NOTES TO CONSOLIDATED FINANCIAL STATEMENTS — (Continued)
 
The Company’s investments in auction rate securities represent interests in collateralized debt obligations supported by preferred equity securities of small to medium sized insurance companies and financial institutions and asset backed capital commitment securities supported by high grade, short term commercial paper and a put option from a monoline insurance company. These auction rate securities were rated AAA/Aaa or AA/Aa by Standard & Poors and Moody’s rating services at the time of purchase and their ratings have not changed as of December 31, 2007. With regards to the asset backed capital commitment securities, both rating agencies have placed the issuer’s ratings under review for possible downgrade.
 
As issuers and counterparties to the Company’s investments announce financial results in the coming quarters, it is possible that the Company may record additional losses and realize losses that are currently unrealized. The Company will continue to monitor its investments for substantive changes in relevant market conditions, substantive changes in the financial condition and performance of the investments’ issuers and other substantive changes in these investments.
 
The stated maturity of these securities is longer than 10 years; however, because we considered them to be highly liquid and available for operations, our convention was to use the next auction date, which occurs every 30 to 90 days, as the effective maturity date and these securities were recorded as short-term investments.

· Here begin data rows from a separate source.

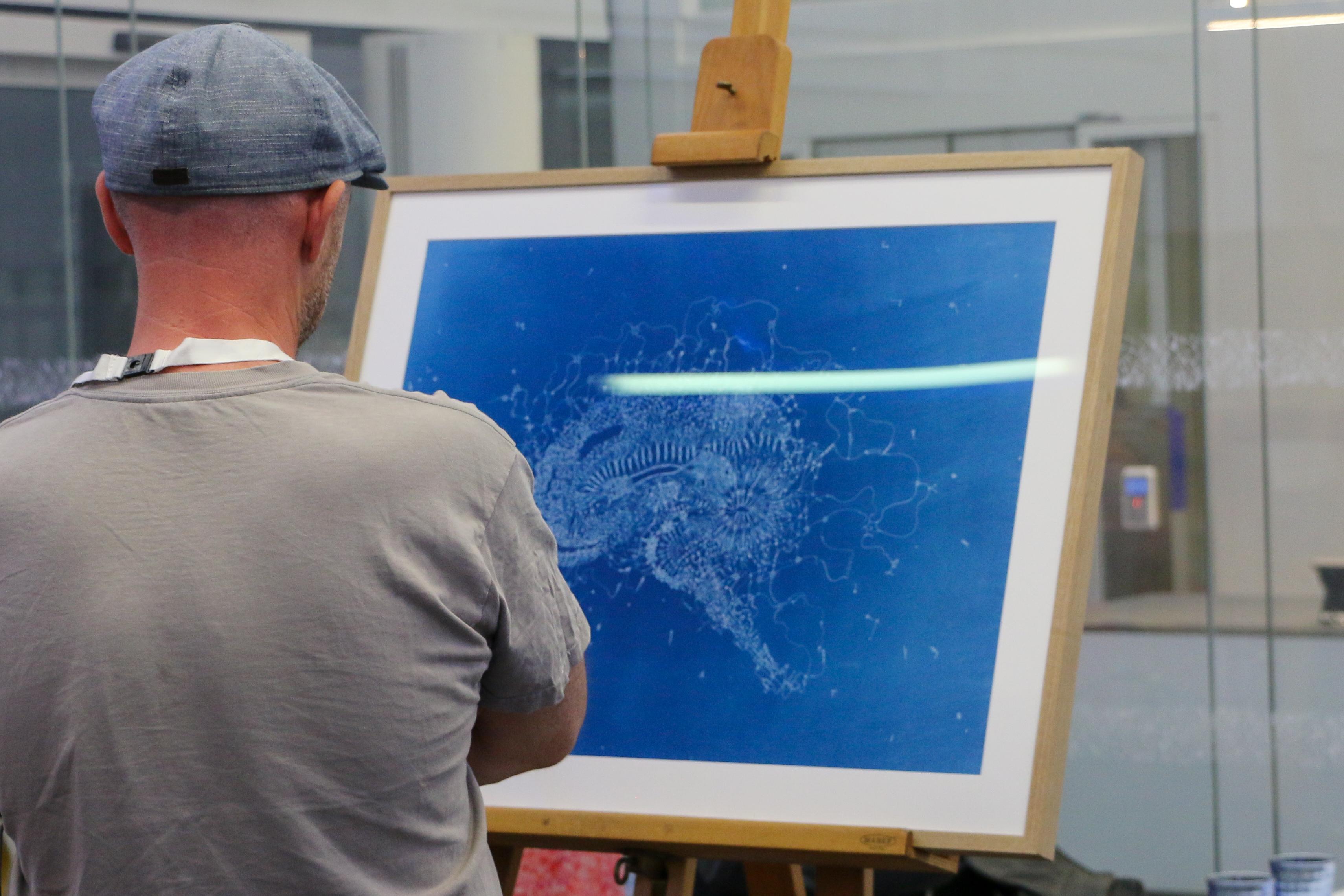 Photo of a person viewing an artwork on an easel. The artwork is a deep blue cyanotype print, with an intricate illustration of a brain.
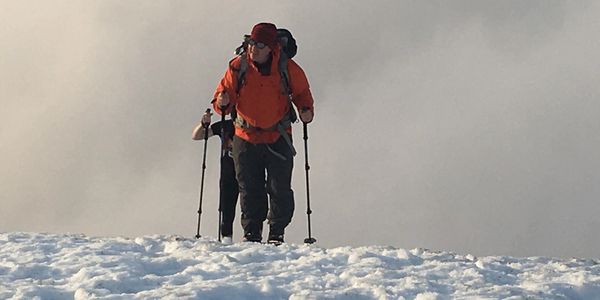 Solo climber climbing snow covered Mount St. Helens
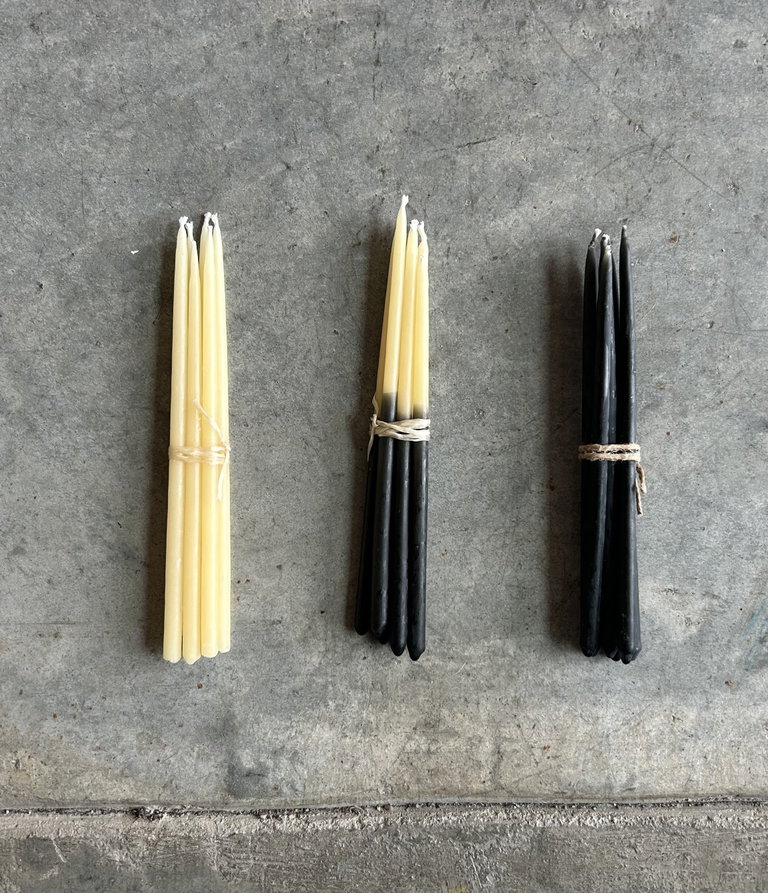 Image of beeswax candle bundles in natural beeswax, half-dipped in charcoal, and full charcoal dipped, reminiscent of porcupine quills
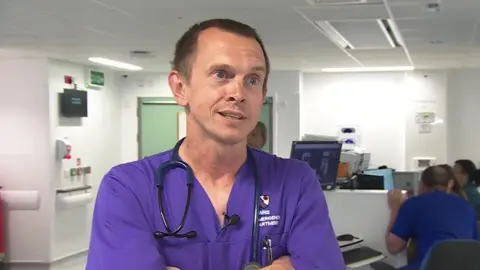 David Martin stands in the middle of the emergency department whil egiving an interview. He wears deep purple coloured scrubs, which have a logo on the chest saying 'NHS Emergency Department' and has a stethescope around his neck. He has short dark brown hair and his arms are crossed, he is smiling.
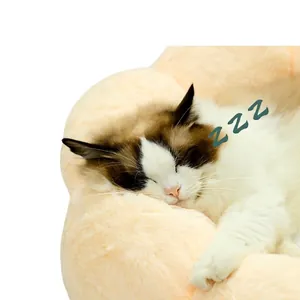 Plush round flower-shaped pet bed in coral fleece with a sleeping cat inside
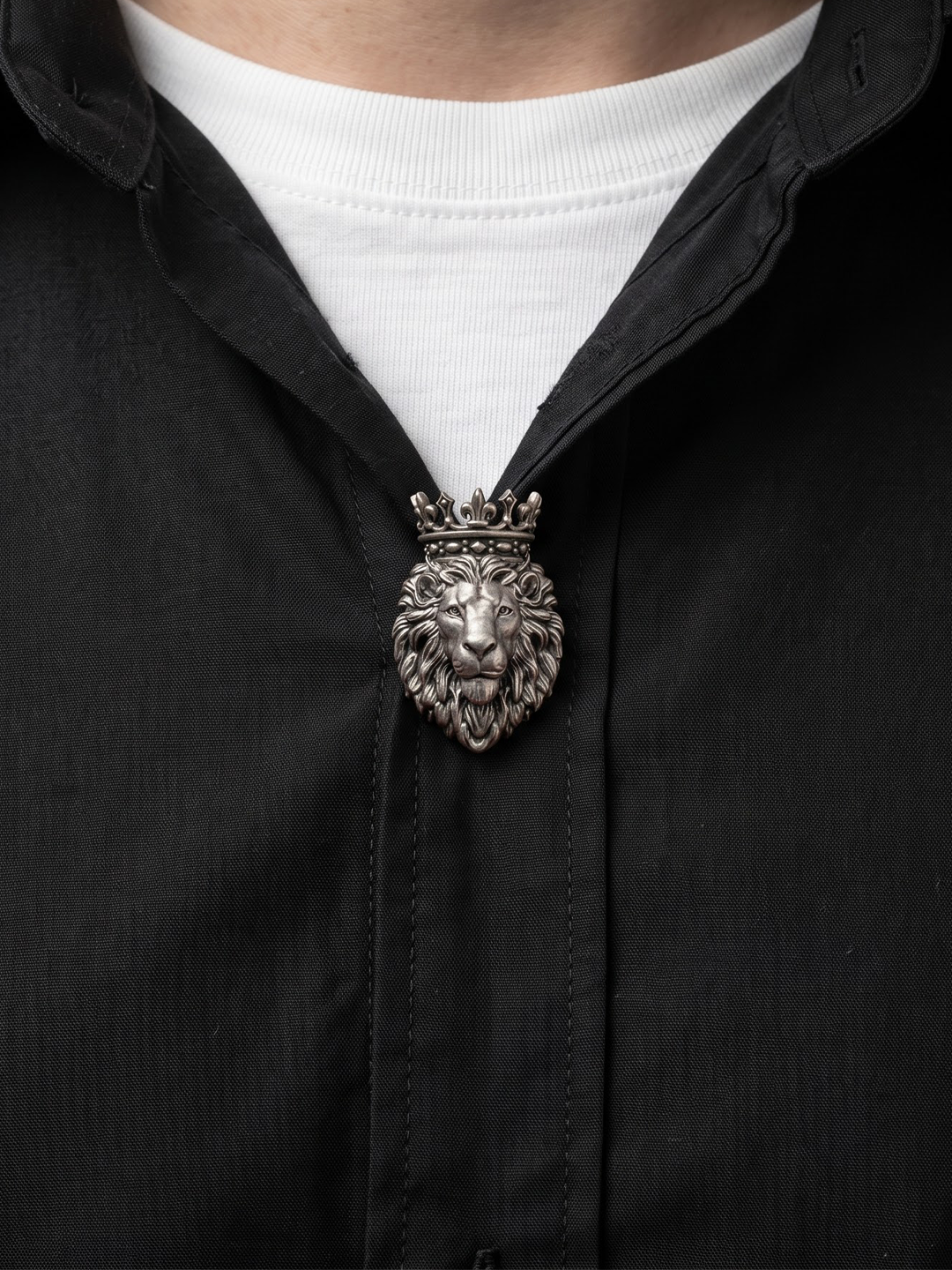 Silver crowned lion button clipped on a shirt for men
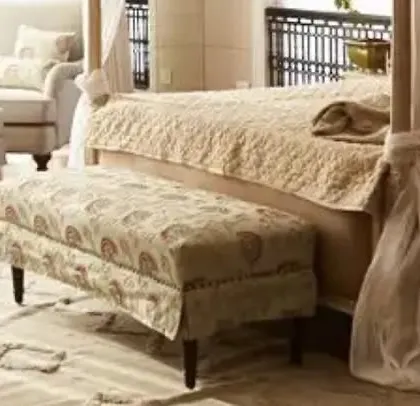 A full view of the bedroom from our collaboration with Tarun Tahiliani in Goa. The space features a four-poster bed, a patterned bench, and classic armchairs, all designed to create a cohesive and luxurious retreat.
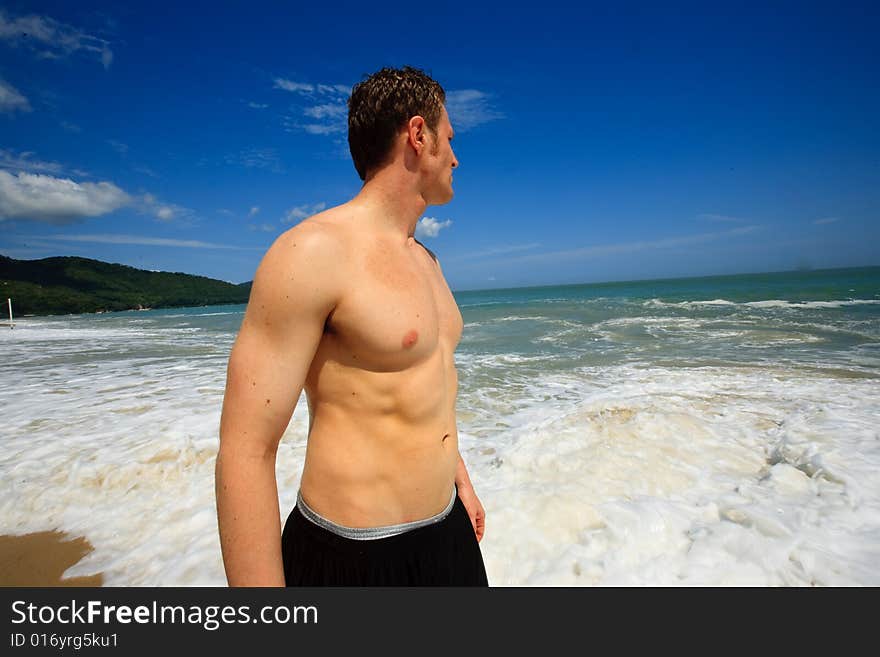 Man standing on exotic beach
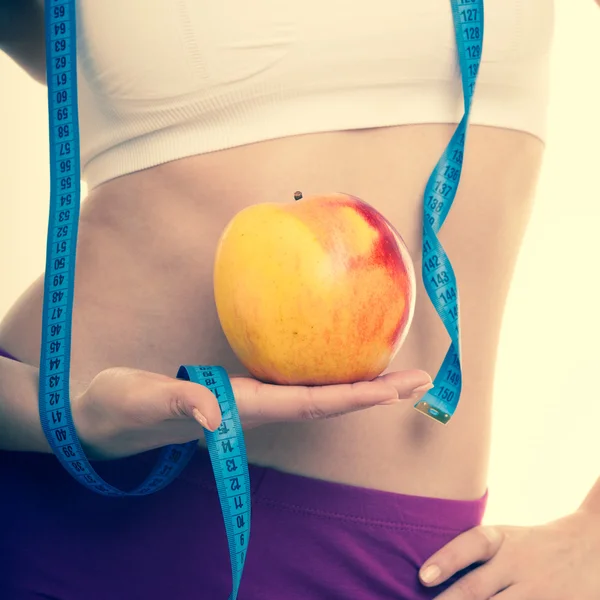 Chica con cinta métrica, manzana de fruta . —  Fotos de Stock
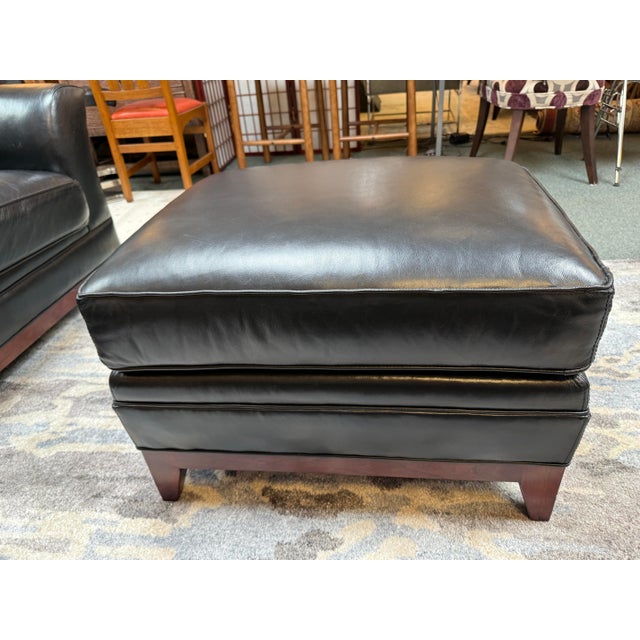 Design Plus Gallery presents the Keeler Ottoman from Stickley. The ottoman is made in the brands smooth, fine black...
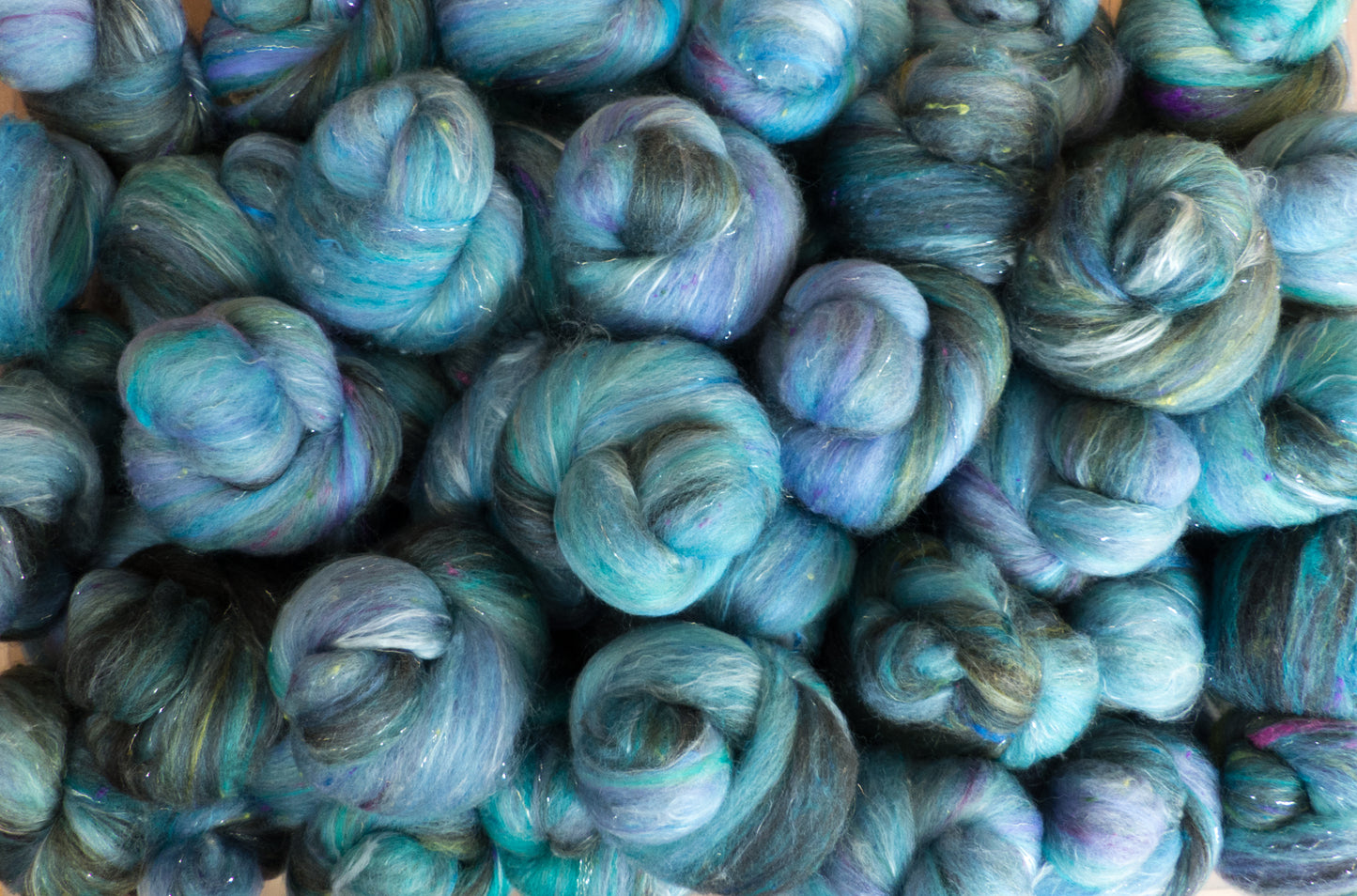 April Showers - Sparkle Sticklebatts (3.9 oz) - 30% Finn fleece; merino, polwarth, silk, bamboo, silk noil, silver deckle angelina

Current market conditions do not allow the Company to estimate when the auctions for its auction rate securities will resume. As a result, during 2007 the Company reclassified its auction rate securities from short-term investments to long-term investments.
 
6.   Property, Plant and Equipment
 
Property, plant and equipment as of December 31, 2007 and 2006 consisted of the following (in thousands):
 
                 
    December 31,  
    2007     2006  
 
Network and base station equipment
  $ 305,635     $ 161,875  
Customer premise equipment
    89,120       47,700  
Furniture, fixtures and equipment
    55,548       20,546  
Leasehold improvements
    13,488       8,340  
Construction in progress
    233,120       112,669  
                 
      696,911       351,130  
Less: accumulated depreciation
    (124,582 )     (48,332 )
                 
    $ 572,329     $ 302,798  
                 
 
The Company follows the provisions of SFAS No. 34 with respect to its owned FCC licenses and the related construction of its network infrastructure assets. Capitalization commences with pre-construction period administrative and technical activities, which includes obtaining leases, zoning approvals and building permits, and ceases when the construction is substantially complete and available for use generally when a market is launched.
 
Interest capitalized for the years ended December 31, 2007 and 2006 was $29.0 million and $16.6 million, respectively. Depreciation expense for the years ended December 31, 2007, 2006 and 2005 was $80.3 million, $38.5 million and $10.9 million, respectively.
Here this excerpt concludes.